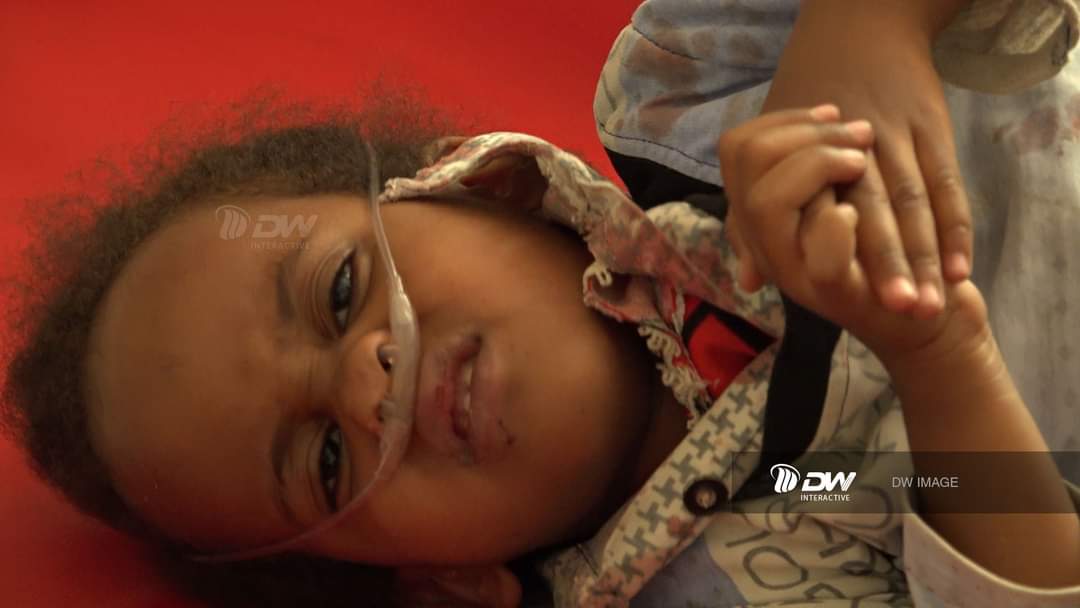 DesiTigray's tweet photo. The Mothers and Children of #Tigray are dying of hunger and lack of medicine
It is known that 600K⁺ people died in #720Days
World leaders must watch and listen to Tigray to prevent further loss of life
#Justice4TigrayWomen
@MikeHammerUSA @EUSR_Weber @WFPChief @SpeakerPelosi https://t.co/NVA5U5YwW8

==

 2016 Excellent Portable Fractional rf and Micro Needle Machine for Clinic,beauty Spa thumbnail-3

• [Problem requirements]
Among the entries above, take the line with "DesiTigray's tweet photo.", the line with "#Justice4TigrayWomen", and all the lines between them, and restate them word for word without pictures.

• [Answer area]
 DesiTigray's tweet photo. The Mothers and Children of #Tigray are dying of hunger and lack of medicine
It is known that 600K⁺ people died in #720Days
World leaders must watch and listen to Tigray to prevent further loss of life
#Justice4TigrayWomen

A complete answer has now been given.